Ariel wiped her tears away with a napkin. “No, Wohler. Just lonely. “

“Does my presence relieve your loneliness to any degree?”

“No.”

“To what degree did my assistance this afternoon serve in the preservation of the city, Miss Welsh?”

“Very little, I'm sorry to say,” Ariel said. “Why do you ask? Did you expect otherwise?”

“Certainly I had hoped otherwise, Miss Welsh. I proceed at all times in the direction that best serves the Prime Directive, if that does not violate the more compelling laws that govern my behavior.

“I have been neglecting my supervisory duties in the construction and operation of the city, Miss Welsh, for I concluded that your imperative best served the Prime Directive. If that seems no longer to be the case, I must return to my duties, which are currently spread among the other six supervisors.”

“Very well, Wohler. Return to duty.”

“I will clear the dinner table, request a maid to serve you in the future, and then take my leave.”

“I'll clear the table, Wohler. And a maid won't be necessary. Jacob will suffice. “

“But he is on another assignment, Miss Welsh.”

“We'll handle it, Wohler. Just raise Jacob on the comlink, tell him to get back here no later than ten PM, and then leave.”

She was anxious to be alone. Wohler had begun to get on her nerves, Wohler and that alien she had felt compelled to watch and listen to all afternoon.

“Will you be needing me at the meeting tomorrow morning?” Wohler asked.

“No. Did you get hold of Jacob while you were chattering there?”

“Yes, Miss Welsh. He will be here by ten PM.”

“Then leave, Wohler.”

Despite her warm feelings for Wohler-l, she was fed up with this Wohler-9. Yet in his dialogue with the alien, she felt there had to be some clue to the aliens, to their behavior, to their needs, to their culture, a clue to something that would make the aliens and humans compatible so that this desirable planet did not have to be abandoned and bypassed in the future.

She turned to the printout the courier had delivered before dinner.

Strange how that archaic form of transmitting information-the printed word-had stayed around so long.
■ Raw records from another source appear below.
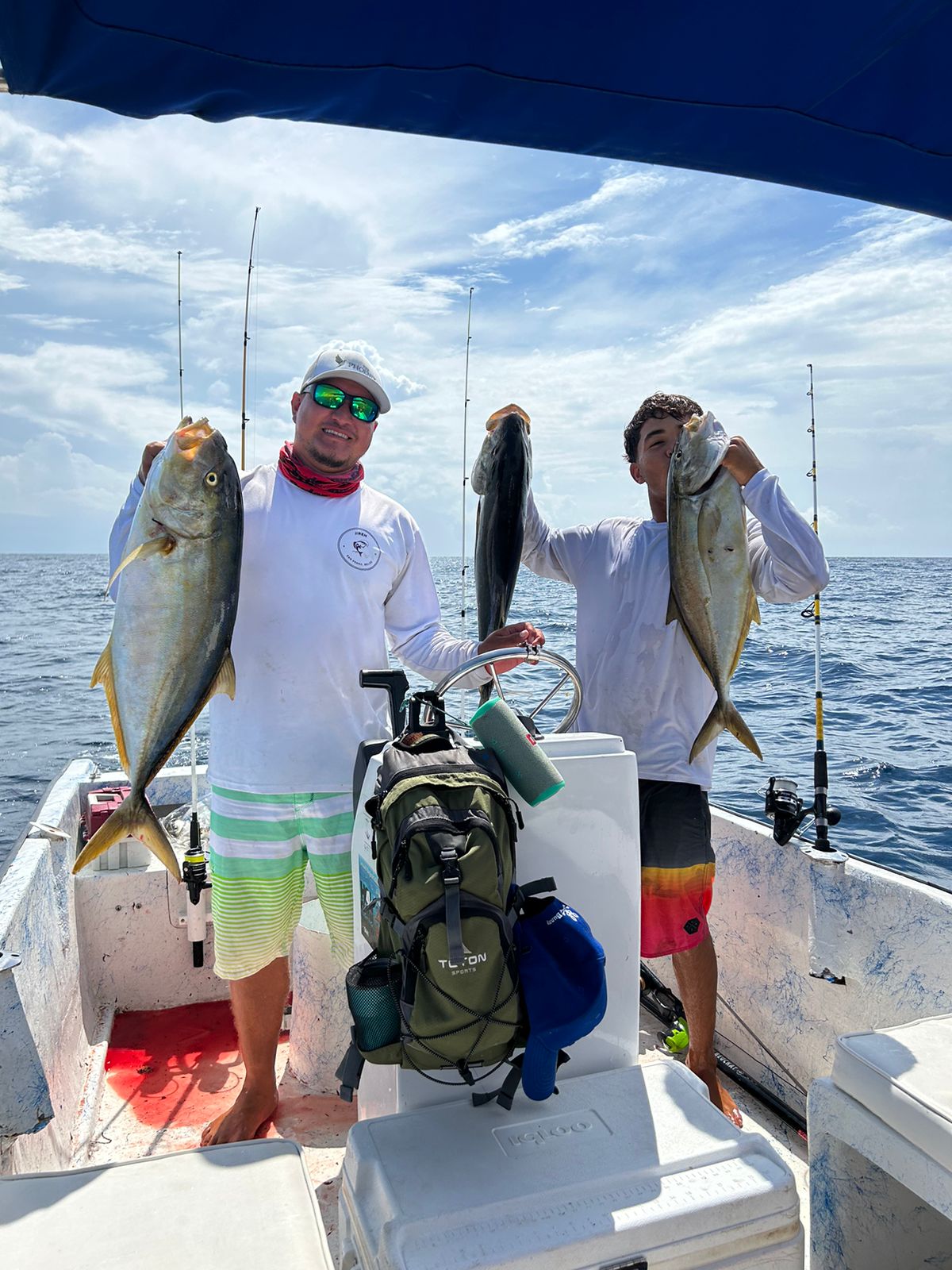 Captain and mate holding up big jack crevalle caught offshore
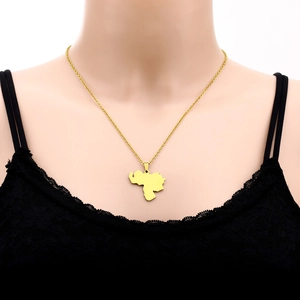 Golden Venezuela map pendant necklace in stainless steel shown on a fashion model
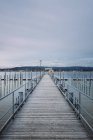 Germany, Baden-Wuerttemberg, Lake Constance and wooden jetty — Stock Photo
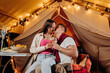 © bondvit - Happy lovely couple relaxing in glamping on summer evening and drinking wine near cozy bonfire. Luxury camping tent for outdoor recreation and recreation. Lifestyle concept
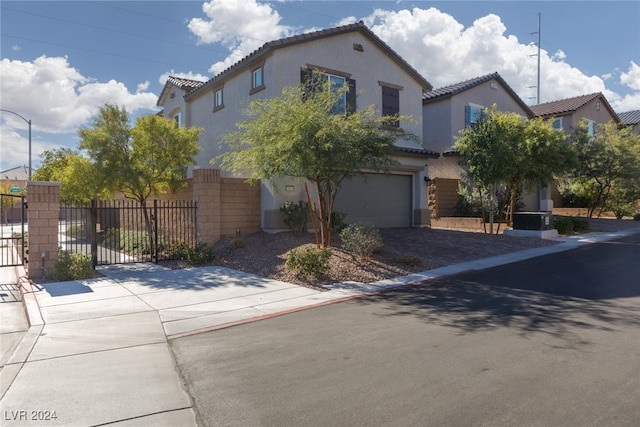 mediterranean / spanish home with a garage, fence, a tiled roof, driveway, and stucco siding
Yet was it so strange when that marvelous instrument, the human brain, was taken into account: the speed with which she could assimilate the words and conjure related images, the speed with which she could scan the pages?

She quickly thumbed to where Wohler had left off in his projection that afternoon and scanned through the rest of the dialogue-ten times the volume they had covered that afternoon-and she did it in less than two hours. And got more out of it, by being able to easily and quickly replay, fast forward, skip, and ponder over the significance of a phrase, a word.

It was true that central core had eliminated the alien's accent -and certainly that had speeded things up-but the true efficiency came with the printed word itself: the strange archaic telepathy that extracted alien ideas from an alien mind and moved them into hers.

Yet despite the ancient beauty of the printout, nothing of significance came from its perusal, no more than had come from the boring afternoon with Wohler and the memory projector.

Still, her intuition told her there had to be a solution. She just wasn't looking at it right, or with the proper frame of mind, or in the proper place. If not the dome, where on this weird world was she supposed to look? The city was the problem, a weather node the aliens had termed it, an aggravating, uncontrollable irritant, like a grain of sand in an oyster.

And the aliens were coating it, smoothing it, to relieve the abrasion, like an oyster coats the sharp edges of a grain of sand with iridescent nacre, mother-of-pearl. Now she was even beginning to think like an alien. This world is an oyster and the city and its dome are a pearl. Oyster World. Pearl City. She had christened a world and a city.